According to Color Factory founders, the interactive exhibit aims to ‘celebrate the discovery, serendipity and generosity of color’, and collaborating artists engage the senses via colorful installations including a field of geometric blossoms, colorful sliding screens and a luminous dance floor.

But while such pop-up installations succeed in tantalizing viewers, whether they merit the term ‘museum’ remains up for debate.

“These shows are sensory experiences, not conceptual or critical ones,” says Mr. Glen Helfand, art critic and associate professor of visual and critical studies and California College of the Arts. Mr. Helfand says social media and digital culture have cultivated an attitude for increasingly quick consumption and dissemination. “We want to immediately see and share, but not necessarily digest.”

Not all pop-ups claim to be museums, though. Manhattan’s Rosé Mansion bills itself as a wine-tasting experience where visitors can traverse 14 rooms inspired by the pink wine. Co-founder Mr. Tyler Balliet has a background in throwing large-scale wine tastings and says he wants participants to learn something while also taking advantage of photo ops with a giant bathtub of roses. “We’re living in an age where visuals are really important, and I don’t think that’s a bad thing,” Mr. Balliet says.

However you choose to categorize Insta-exhibitions, they are proving highly popular. The Color Factory previously enjoyed an eight-month run in San Francisco. The first edition of the exhibit was meant to last a month, but ended up being so sought-after that the webpage hosting the ticket sales temporarily crashed. Similarly, when the Museum of Ice Cream announced its arrival to the city, tickets sold out within minutes.

The trend is also taking hold across the Atlantic. In July, culinary arts studio Bompas and Parr opened a pop-up ice cream museum in London’s King’s Cross. The studio is best known for staging food-based stunts like clouds of gin or jelly replicas of the Houses of Parliament. With ‘SCOOP: A Wonderful Ice Cream World’ they promise to ‘bring your favorite dessert to life in a total sensory immersion’.

But co-founder Mr. Sam Bompas says SCOOP is different from its American counterparts. “The pop-up shows we’ve seen in San Francisco and New York aren’t much cop in terms of inspiration,” he says. “There is not the depth of research, science, knowledge that we would regularly look for.”

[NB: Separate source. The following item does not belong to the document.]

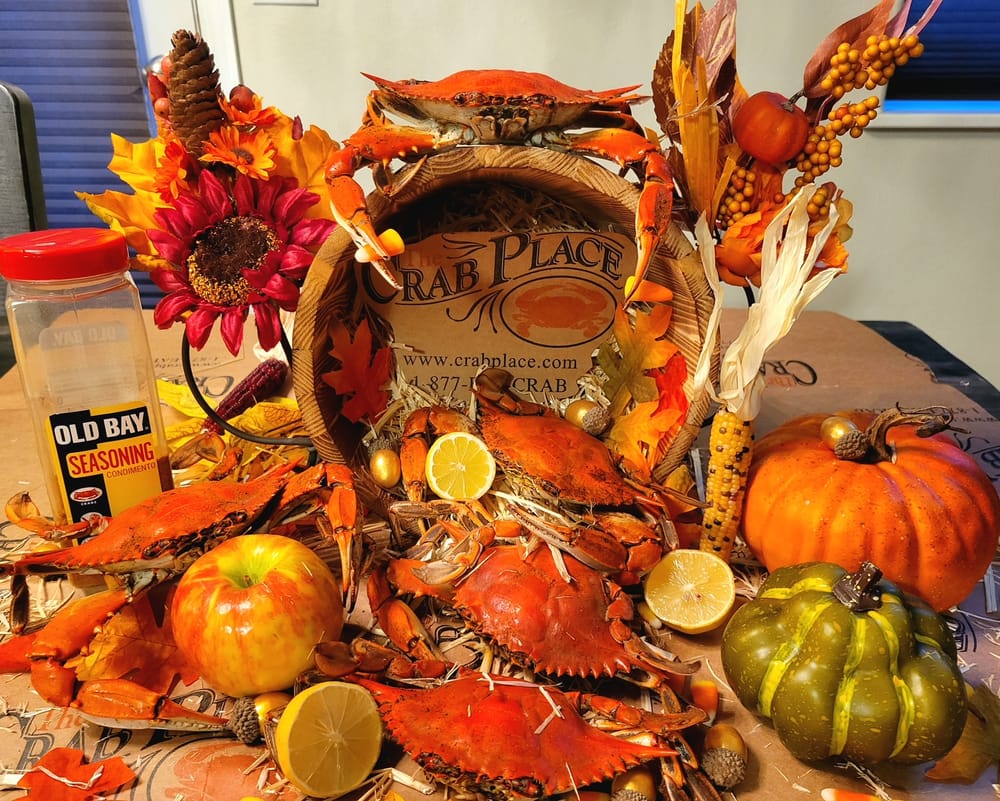 Steamed crabs arranged with pumpkins, sunflowers and a Crab Place basket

SCOOP aims to plunge attendees into ice cream’s fascinating history. 2018 is an important year, Bompas says, as it’s the 300th anniversary of the first printed ice cream recipe. At the show visitors can view a collection of Victorian ice-cream moulds, learn about the invention of the ice cream cone, and make DIY ice cream at the knee of Agnes B Marshall, one of the culinary pioneers of the 19th century.

“For us the best exhibitions inform, entertain and ultimately inspire,” says Mr. Bompas. “Visitors will have left, not only learning about the glorious history of ice-cream, eating their way through history but also learning how to avoid brain-freeze for the rest of their life, based on contemporary science.”

But just because it’s educational, that doesn’t mean it can’t be shareable, and the pink exhibition walls offer plenty of eye candy. One element of the exhibition uses the medium of powerful laser lights to show attendees what goes on in the brain as they taste Ben & Jerry’s Moo-phoria ice cream. “The light ice-cream stimulates a spectacular reaction when you taste it,” Mr. Bompas says.

In the future he believes the pop-up medium will evolve and deepen and become more like conventional museum exhibitions. And in turn museum curators will learn the best tricks of the pop-ups to help popularize their shows.

One trick appears to be seizing on a truth that more-traditional museums are still coming to terms with: viewers want to feel they are part of the exhibition. “It tips the balance of power and makes the experience more democratic on some levels,” says Dr. Kylie Budge, a senior research fellow at Western Sydney University. “There’s an element of co-creation involved.”